_Problem description:_ In the answer, each entry below appears exactly as given, and no picture appears at all.

_Dataset records:_
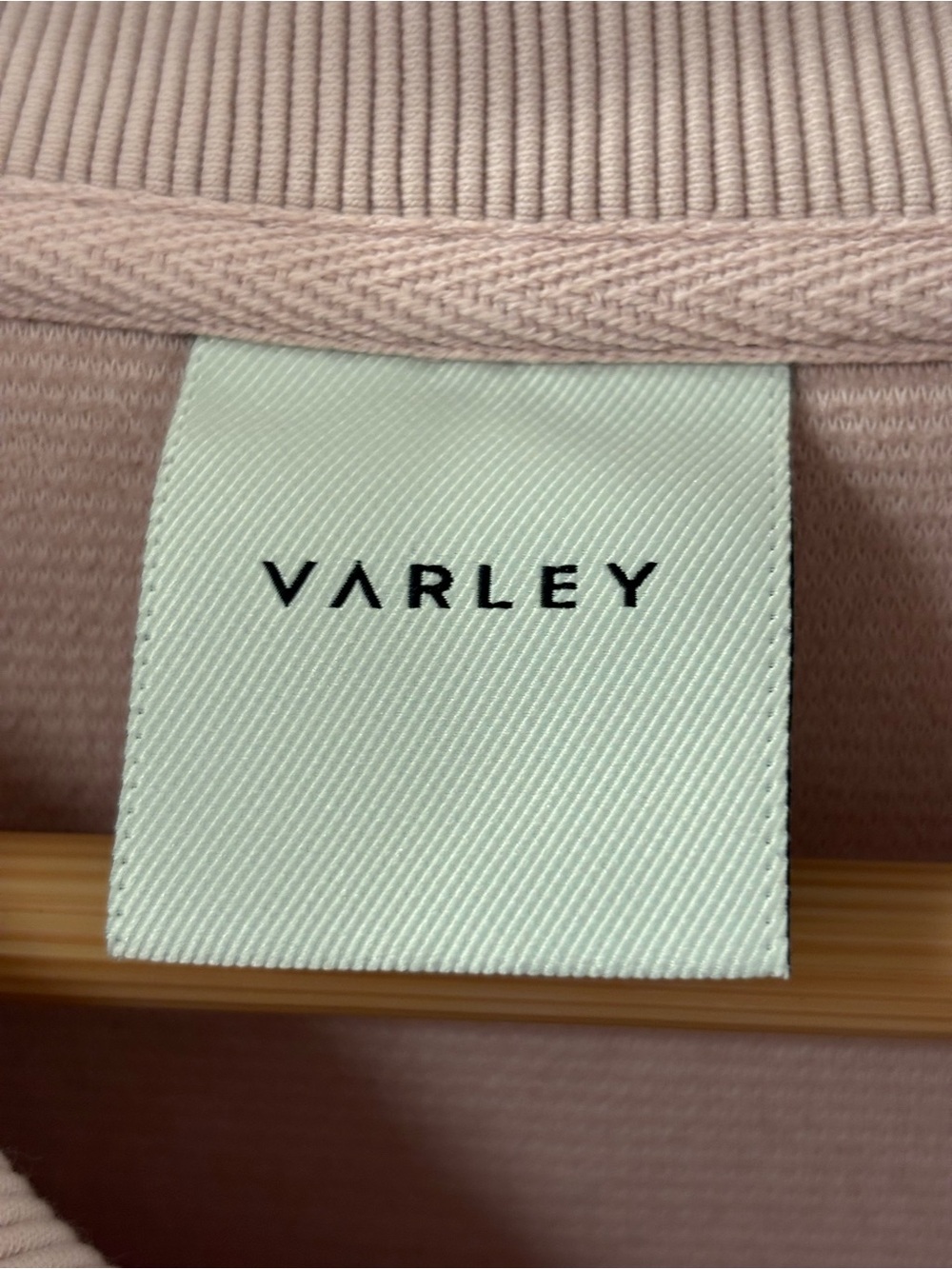 Varley Vine Half Zip Pullover Dusty Pink Ottoman Fabric Long Sleeve Sweatshirt - Picture 4 of 16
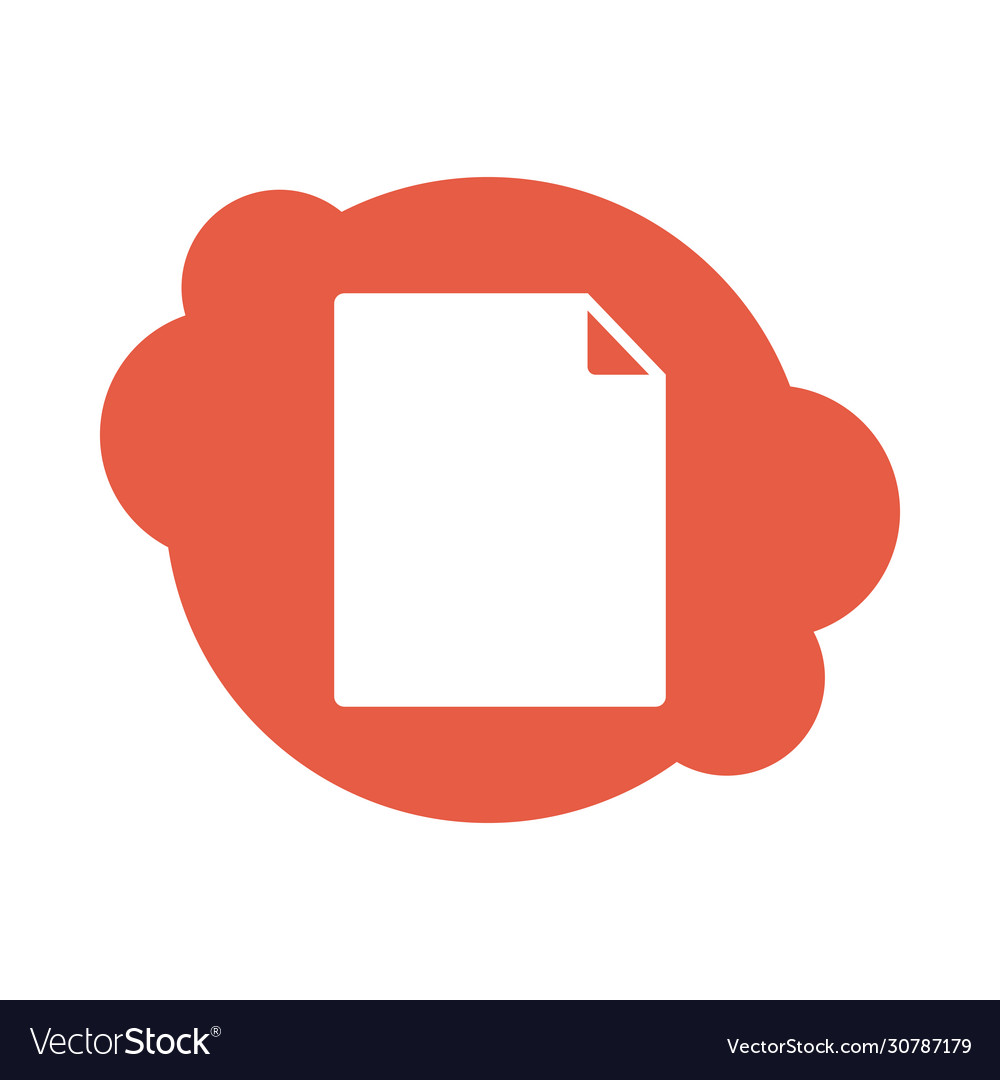 Paper document file block style icon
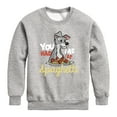 thumbnail image 1 of Lady and the Tramp - You Had Me At Spaghetti - Toddler And Youth Crewneck Fleece Sweatshirt, 1 of 5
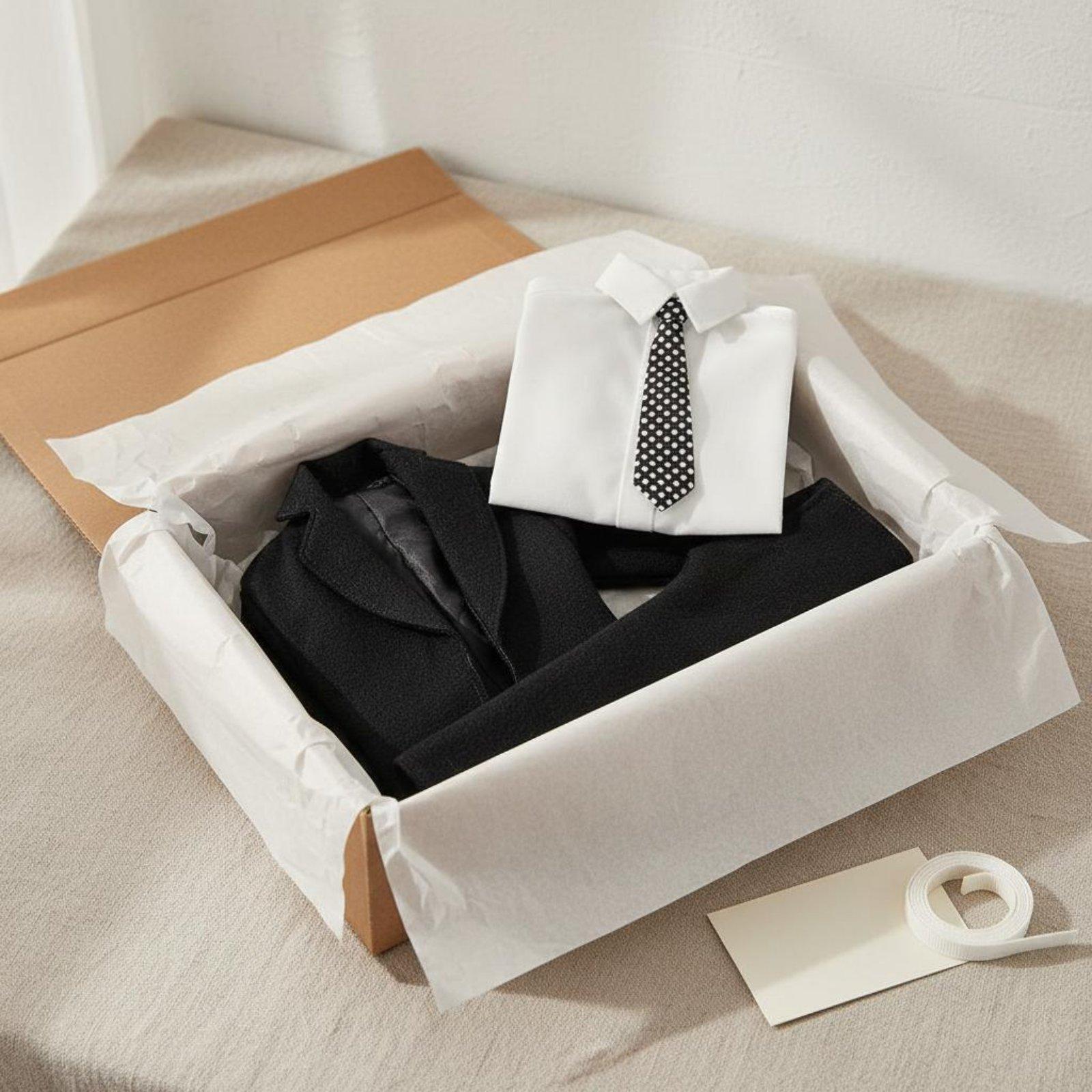 Men Formal Wear Clothes - Męski strój dla lalki, garnitur, smoking,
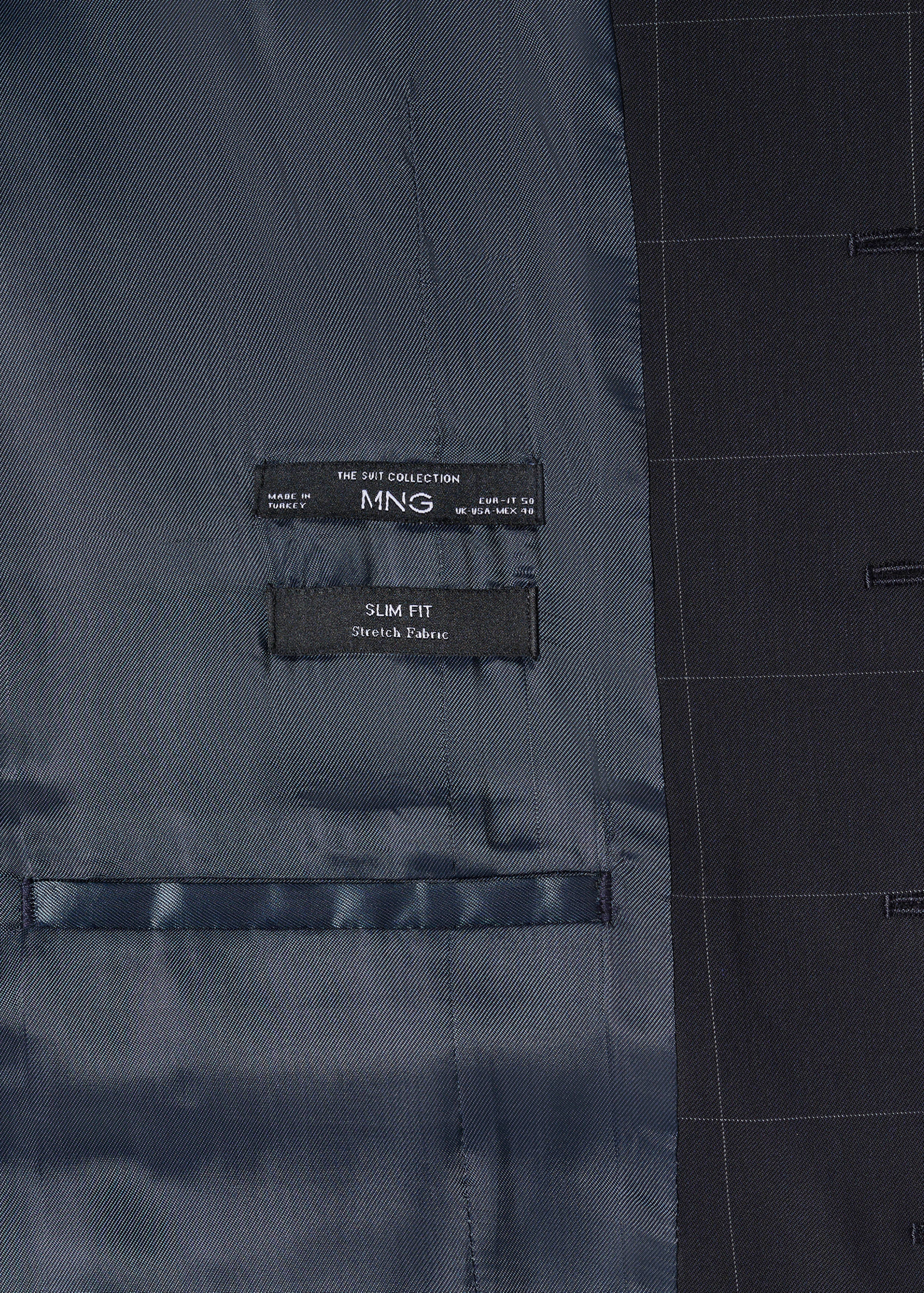 Gilet de costume slim fit carreaux - Détail de l'article 8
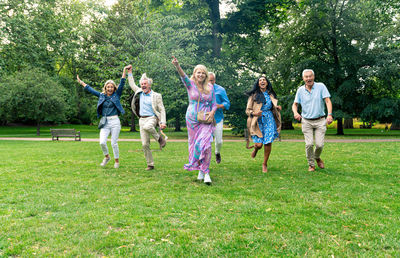 People playing soccer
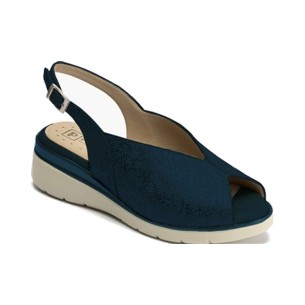 JucaZapatos - Pitillos 10561 - CUERO - Sandalia pala mujer con velcro en piel combinada CUERO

_Answer space:_
 Varley Vine Half Zip Pullover Dusty Pink Ottoman Fabric Long Sleeve Sweatshirt - Picture 4 of 16
 Paper document file block style icon
 thumbnail image 1 of Lady and the Tramp - You Had Me At Spaghetti - Toddler And Youth Crewneck Fleece Sweatshirt, 1 of 5
 Men Formal Wear Clothes - Męski strój dla lalki, garnitur, smoking,
 Gilet de costume slim fit carreaux - Détail de l'article 8
 People playing soccer
 JucaZapatos - Pitillos 10561 - CUERO - Sandalia pala mujer con velcro en piel combinada CUERO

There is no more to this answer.